======== Data provided
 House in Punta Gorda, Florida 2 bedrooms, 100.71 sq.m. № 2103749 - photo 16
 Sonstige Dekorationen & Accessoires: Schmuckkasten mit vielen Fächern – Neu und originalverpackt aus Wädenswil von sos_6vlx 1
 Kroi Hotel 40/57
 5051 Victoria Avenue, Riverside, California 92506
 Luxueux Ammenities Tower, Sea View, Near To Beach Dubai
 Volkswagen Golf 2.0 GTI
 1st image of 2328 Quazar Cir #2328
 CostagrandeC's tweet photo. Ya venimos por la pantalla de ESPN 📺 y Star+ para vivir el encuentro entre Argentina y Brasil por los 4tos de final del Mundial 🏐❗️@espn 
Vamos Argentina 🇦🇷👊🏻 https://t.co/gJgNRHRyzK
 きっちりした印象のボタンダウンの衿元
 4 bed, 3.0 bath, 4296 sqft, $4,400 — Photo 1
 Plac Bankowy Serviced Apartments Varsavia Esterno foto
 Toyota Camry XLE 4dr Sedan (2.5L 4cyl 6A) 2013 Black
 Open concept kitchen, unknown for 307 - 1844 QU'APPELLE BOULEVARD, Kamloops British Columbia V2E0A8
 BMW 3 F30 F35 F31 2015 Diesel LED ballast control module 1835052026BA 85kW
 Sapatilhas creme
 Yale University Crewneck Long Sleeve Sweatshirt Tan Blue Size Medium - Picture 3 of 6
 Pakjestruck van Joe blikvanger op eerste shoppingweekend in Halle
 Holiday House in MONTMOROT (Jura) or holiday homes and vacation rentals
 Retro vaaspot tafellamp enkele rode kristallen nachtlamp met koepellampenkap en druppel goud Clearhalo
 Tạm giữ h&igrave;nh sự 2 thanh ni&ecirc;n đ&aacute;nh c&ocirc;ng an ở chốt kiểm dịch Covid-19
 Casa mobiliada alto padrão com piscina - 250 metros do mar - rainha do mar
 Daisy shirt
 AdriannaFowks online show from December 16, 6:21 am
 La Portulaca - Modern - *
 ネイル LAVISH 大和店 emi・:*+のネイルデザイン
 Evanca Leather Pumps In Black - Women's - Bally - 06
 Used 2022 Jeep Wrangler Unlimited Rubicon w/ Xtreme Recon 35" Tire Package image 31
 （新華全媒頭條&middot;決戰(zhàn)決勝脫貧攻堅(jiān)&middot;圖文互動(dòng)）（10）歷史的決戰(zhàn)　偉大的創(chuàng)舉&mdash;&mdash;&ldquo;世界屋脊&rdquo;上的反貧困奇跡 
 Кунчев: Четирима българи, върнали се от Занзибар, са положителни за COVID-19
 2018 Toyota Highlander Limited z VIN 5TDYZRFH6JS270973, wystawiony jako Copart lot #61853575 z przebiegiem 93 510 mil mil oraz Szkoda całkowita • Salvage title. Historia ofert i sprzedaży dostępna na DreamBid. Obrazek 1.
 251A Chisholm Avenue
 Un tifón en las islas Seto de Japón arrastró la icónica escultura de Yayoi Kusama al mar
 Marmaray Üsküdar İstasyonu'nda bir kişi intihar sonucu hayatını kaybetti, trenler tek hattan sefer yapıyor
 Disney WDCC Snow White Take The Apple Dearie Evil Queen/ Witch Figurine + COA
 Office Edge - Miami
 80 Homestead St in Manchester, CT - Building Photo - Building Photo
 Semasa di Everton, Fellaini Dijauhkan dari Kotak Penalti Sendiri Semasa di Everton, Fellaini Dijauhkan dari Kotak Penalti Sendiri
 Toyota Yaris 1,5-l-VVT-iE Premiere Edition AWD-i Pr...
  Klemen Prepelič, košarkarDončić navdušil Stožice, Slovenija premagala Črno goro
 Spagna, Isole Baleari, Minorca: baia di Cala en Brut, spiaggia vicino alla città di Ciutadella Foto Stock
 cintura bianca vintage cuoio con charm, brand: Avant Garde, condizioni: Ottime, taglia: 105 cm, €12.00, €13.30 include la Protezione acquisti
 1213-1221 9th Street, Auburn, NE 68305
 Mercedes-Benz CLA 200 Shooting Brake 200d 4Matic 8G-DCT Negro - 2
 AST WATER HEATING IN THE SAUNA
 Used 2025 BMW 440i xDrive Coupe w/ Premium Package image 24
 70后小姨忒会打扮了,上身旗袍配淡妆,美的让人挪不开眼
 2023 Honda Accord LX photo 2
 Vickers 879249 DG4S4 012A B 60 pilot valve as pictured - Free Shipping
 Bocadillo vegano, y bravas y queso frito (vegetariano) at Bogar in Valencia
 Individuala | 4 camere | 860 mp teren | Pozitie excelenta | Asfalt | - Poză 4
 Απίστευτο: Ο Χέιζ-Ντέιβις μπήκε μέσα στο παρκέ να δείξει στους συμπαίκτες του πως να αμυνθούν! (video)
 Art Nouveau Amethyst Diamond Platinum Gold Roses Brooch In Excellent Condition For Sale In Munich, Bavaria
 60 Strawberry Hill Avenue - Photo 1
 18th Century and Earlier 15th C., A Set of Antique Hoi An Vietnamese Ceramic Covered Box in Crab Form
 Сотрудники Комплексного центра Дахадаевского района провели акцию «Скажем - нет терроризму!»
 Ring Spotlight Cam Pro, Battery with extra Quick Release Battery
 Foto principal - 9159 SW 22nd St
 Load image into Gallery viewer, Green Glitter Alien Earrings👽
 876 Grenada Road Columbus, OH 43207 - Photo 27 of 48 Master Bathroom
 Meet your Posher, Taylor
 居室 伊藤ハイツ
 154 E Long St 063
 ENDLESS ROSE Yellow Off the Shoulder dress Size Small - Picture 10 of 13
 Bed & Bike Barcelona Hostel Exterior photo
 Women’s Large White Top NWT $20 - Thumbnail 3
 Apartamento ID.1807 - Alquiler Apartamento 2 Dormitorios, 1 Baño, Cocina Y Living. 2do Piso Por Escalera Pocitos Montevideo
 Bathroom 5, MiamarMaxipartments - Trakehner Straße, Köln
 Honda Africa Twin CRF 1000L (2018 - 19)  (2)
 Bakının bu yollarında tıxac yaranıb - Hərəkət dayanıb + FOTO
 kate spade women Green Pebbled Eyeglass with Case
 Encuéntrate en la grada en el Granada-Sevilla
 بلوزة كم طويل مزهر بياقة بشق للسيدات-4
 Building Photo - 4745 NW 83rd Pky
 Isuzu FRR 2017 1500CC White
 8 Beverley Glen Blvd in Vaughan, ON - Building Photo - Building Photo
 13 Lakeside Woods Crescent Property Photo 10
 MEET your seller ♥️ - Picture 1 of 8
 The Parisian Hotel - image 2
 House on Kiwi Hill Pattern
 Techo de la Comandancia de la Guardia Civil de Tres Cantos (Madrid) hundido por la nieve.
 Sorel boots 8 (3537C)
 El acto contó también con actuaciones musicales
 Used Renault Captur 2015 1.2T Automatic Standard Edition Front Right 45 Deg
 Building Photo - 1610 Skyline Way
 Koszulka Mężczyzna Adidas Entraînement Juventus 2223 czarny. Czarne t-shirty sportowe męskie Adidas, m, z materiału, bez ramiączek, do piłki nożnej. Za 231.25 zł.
================
Activity: What you give back must be the stretch above, starting at the line with "Honda Africa Twin" and ending at the line with "House on Kiwi Hill Pattern", copied exactly.

Completed exercise:
 Honda Africa Twin CRF 1000L (2018 - 19)  (2)
 Bakının bu yollarında tıxac yaranıb - Hərəkət dayanıb + FOTO
 kate spade women Green Pebbled Eyeglass with Case
 Encuéntrate en la grada en el Granada-Sevilla
 بلوزة كم طويل مزهر بياقة بشق للسيدات-4
 Building Photo - 4745 NW 83rd Pky
 Isuzu FRR 2017 1500CC White
 8 Beverley Glen Blvd in Vaughan, ON - Building Photo - Building Photo
 13 Lakeside Woods Crescent Property Photo 10
 MEET your seller ♥️ - Picture 1 of 8
 The Parisian Hotel - image 2
 House on Kiwi Hill Pattern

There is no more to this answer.